Data entries:

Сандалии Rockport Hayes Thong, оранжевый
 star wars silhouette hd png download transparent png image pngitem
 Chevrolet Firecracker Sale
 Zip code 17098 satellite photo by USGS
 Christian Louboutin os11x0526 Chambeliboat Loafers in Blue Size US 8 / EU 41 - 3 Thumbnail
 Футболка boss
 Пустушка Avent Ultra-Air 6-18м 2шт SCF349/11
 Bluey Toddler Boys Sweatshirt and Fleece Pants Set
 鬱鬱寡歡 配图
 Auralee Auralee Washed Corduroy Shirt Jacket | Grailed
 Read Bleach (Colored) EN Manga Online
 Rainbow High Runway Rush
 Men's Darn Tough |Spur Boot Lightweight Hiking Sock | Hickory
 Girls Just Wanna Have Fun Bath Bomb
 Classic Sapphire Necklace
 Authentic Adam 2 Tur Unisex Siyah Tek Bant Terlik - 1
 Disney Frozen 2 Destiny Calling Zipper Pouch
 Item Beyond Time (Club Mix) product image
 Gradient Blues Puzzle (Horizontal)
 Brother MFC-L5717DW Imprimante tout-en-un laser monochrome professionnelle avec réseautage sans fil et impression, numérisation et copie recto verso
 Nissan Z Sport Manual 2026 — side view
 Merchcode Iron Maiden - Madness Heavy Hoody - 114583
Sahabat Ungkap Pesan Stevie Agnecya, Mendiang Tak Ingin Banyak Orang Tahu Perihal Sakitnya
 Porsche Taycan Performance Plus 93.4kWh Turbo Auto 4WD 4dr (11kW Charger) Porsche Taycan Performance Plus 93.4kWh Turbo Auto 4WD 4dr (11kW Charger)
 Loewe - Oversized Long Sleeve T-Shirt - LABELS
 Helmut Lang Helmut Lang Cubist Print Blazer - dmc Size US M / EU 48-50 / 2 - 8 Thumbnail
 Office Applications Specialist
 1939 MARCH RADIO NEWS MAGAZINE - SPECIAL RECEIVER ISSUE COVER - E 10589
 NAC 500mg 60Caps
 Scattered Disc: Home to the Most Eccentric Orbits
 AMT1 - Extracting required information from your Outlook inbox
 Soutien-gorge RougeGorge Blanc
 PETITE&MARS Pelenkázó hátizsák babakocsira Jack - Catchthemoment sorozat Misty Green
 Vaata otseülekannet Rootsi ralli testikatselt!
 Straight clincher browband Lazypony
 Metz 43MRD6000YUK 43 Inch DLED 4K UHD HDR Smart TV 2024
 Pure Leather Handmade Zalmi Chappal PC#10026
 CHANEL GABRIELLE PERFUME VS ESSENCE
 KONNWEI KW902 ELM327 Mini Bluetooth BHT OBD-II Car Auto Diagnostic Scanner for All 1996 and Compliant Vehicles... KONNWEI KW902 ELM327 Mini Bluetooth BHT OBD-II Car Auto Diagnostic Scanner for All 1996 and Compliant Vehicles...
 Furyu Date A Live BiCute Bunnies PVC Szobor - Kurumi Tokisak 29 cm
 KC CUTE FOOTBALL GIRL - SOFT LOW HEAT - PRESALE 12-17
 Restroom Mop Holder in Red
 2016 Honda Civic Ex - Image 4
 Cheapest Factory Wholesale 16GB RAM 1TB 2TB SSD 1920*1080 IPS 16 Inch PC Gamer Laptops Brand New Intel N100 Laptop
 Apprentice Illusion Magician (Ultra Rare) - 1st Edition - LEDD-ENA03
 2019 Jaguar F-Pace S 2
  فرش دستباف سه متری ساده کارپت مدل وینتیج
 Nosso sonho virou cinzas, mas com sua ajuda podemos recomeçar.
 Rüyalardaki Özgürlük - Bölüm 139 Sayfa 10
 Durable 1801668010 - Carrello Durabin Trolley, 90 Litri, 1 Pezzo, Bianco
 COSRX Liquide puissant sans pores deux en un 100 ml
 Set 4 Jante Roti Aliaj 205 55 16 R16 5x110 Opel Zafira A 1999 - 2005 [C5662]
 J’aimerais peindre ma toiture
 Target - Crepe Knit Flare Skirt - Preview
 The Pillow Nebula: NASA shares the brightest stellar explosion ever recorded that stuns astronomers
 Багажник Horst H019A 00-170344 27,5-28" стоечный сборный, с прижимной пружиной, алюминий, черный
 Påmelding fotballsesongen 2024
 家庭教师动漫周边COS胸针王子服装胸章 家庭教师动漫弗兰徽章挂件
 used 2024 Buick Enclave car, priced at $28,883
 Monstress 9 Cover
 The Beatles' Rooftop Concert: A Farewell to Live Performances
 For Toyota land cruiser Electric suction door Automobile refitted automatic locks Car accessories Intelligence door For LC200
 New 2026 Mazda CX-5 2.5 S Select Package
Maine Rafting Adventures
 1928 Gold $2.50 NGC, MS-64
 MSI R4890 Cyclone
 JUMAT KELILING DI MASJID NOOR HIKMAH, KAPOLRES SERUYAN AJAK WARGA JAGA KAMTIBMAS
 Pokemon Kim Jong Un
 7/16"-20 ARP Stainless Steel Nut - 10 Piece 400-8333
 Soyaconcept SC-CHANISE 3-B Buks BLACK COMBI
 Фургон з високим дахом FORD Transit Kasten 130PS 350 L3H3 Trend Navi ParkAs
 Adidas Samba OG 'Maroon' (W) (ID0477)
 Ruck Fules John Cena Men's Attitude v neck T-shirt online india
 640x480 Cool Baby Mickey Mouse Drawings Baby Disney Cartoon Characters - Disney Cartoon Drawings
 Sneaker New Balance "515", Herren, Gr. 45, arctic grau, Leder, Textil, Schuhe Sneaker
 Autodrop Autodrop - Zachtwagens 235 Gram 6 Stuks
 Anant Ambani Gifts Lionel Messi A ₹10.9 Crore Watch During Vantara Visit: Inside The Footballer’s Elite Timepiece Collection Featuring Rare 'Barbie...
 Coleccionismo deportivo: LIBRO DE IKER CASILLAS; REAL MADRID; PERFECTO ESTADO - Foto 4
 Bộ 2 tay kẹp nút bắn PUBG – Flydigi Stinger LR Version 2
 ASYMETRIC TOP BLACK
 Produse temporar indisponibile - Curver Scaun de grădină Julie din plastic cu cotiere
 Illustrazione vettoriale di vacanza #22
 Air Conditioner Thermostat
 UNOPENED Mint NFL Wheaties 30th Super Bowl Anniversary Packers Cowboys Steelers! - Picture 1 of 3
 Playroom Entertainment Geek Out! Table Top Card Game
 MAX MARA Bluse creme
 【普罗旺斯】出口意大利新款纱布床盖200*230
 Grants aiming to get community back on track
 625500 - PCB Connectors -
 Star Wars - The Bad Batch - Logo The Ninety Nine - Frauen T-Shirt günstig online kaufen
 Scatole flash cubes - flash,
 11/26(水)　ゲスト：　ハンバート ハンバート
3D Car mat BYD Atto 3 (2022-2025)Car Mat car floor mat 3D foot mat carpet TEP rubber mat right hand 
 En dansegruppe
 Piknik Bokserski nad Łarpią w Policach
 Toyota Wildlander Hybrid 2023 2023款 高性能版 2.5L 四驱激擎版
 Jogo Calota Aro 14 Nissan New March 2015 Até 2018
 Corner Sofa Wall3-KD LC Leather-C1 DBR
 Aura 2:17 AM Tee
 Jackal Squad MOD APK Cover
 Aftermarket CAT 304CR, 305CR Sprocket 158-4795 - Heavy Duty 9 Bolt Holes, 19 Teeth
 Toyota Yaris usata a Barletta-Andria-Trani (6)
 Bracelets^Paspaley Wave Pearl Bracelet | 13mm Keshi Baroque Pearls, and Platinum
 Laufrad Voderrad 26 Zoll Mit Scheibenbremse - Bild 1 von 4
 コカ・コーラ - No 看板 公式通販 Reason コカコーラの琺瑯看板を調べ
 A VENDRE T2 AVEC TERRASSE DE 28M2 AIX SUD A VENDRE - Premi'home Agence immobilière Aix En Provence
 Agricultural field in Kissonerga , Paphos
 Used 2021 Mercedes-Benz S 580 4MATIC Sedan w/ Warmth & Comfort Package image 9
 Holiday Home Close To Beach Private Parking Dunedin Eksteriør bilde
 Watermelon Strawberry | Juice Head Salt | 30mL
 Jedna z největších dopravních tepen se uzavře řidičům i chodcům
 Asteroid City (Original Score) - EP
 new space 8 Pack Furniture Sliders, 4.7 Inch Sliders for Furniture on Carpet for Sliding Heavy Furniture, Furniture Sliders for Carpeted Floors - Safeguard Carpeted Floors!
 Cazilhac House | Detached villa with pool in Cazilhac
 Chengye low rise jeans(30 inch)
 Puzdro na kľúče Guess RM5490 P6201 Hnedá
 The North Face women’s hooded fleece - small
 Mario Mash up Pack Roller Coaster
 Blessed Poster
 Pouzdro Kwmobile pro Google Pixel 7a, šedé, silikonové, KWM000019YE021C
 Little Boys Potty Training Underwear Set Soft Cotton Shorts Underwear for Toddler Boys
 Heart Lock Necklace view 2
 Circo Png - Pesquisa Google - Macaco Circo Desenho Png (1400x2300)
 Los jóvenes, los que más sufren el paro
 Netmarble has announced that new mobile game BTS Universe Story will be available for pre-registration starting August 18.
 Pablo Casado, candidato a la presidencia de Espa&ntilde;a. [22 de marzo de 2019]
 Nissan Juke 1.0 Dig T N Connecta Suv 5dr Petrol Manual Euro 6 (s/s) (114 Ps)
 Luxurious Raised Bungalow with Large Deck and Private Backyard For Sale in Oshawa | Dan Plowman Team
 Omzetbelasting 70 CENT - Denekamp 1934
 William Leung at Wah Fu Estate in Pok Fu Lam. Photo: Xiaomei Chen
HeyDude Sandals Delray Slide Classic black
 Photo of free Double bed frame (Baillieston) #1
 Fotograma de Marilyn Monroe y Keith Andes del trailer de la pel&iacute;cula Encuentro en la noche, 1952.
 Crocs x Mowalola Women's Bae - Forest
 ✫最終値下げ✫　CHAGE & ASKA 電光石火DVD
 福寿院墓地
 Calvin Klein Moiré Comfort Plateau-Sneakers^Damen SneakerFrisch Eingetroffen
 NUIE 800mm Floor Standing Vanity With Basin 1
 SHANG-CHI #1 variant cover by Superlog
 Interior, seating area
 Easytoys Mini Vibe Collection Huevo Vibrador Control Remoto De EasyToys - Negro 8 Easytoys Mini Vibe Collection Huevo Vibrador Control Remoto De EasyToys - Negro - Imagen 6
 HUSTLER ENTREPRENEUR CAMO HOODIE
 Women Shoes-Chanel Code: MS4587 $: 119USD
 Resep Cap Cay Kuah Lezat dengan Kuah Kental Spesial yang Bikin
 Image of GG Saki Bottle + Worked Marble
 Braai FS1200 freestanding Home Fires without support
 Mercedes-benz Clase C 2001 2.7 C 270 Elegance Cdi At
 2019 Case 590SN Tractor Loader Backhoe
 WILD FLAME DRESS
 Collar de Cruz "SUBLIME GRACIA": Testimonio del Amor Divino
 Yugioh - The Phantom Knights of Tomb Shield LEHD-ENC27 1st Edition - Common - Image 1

- _What you have to do_:
Quote exactly the stretch of lines above that starts at the first one and ends at the line with "Furyu Date A", and nothing beyond it.

- _Written reply_:
Сандалии Rockport Hayes Thong, оранжевый
 star wars silhouette hd png download transparent png image pngitem
 Chevrolet Firecracker Sale
 Zip code 17098 satellite photo by USGS
 Christian Louboutin os11x0526 Chambeliboat Loafers in Blue Size US 8 / EU 41 - 3 Thumbnail
 Футболка boss
 Пустушка Avent Ultra-Air 6-18м 2шт SCF349/11
 Bluey Toddler Boys Sweatshirt and Fleece Pants Set
 鬱鬱寡歡 配图
 Auralee Auralee Washed Corduroy Shirt Jacket | Grailed
 Read Bleach (Colored) EN Manga Online
 Rainbow High Runway Rush
 Men's Darn Tough |Spur Boot Lightweight Hiking Sock | Hickory
 Girls Just Wanna Have Fun Bath Bomb
 Classic Sapphire Necklace
 Authentic Adam 2 Tur Unisex Siyah Tek Bant Terlik - 1
 Disney Frozen 2 Destiny Calling Zipper Pouch
 Item Beyond Time (Club Mix) product image
 Gradient Blues Puzzle (Horizontal)
 Brother MFC-L5717DW Imprimante tout-en-un laser monochrome professionnelle avec réseautage sans fil et impression, numérisation et copie recto verso
 Nissan Z Sport Manual 2026 — side view
 Merchcode Iron Maiden - Madness Heavy Hoody - 114583
Sahabat Ungkap Pesan Stevie Agnecya, Mendiang Tak Ingin Banyak Orang Tahu Perihal Sakitnya
 Porsche Taycan Performance Plus 93.4kWh Turbo Auto 4WD 4dr (11kW Charger) Porsche Taycan Performance Plus 93.4kWh Turbo Auto 4WD 4dr (11kW Charger)
 Loewe - Oversized Long Sleeve T-Shirt - LABELS
 Helmut Lang Helmut Lang Cubist Print Blazer - dmc Size US M / EU 48-50 / 2 - 8 Thumbnail
 Office Applications Specialist
 1939 MARCH RADIO NEWS MAGAZINE - SPECIAL RECEIVER ISSUE COVER - E 10589
 NAC 500mg 60Caps
 Scattered Disc: Home to the Most Eccentric Orbits
 AMT1 - Extracting required information from your Outlook inbox
 Soutien-gorge RougeGorge Blanc
 PETITE&MARS Pelenkázó hátizsák babakocsira Jack - Catchthemoment sorozat Misty Green
 Vaata otseülekannet Rootsi ralli testikatselt!
 Straight clincher browband Lazypony
 Metz 43MRD6000YUK 43 Inch DLED 4K UHD HDR Smart TV 2024
 Pure Leather Handmade Zalmi Chappal PC#10026
 CHANEL GABRIELLE PERFUME VS ESSENCE
 KONNWEI KW902 ELM327 Mini Bluetooth BHT OBD-II Car Auto Diagnostic Scanner for All 1996 and Compliant Vehicles... KONNWEI KW902 ELM327 Mini Bluetooth BHT OBD-II Car Auto Diagnostic Scanner for All 1996 and Compliant Vehicles...
 Furyu Date A Live BiCute Bunnies PVC Szobor - Kurumi Tokisak 29 cm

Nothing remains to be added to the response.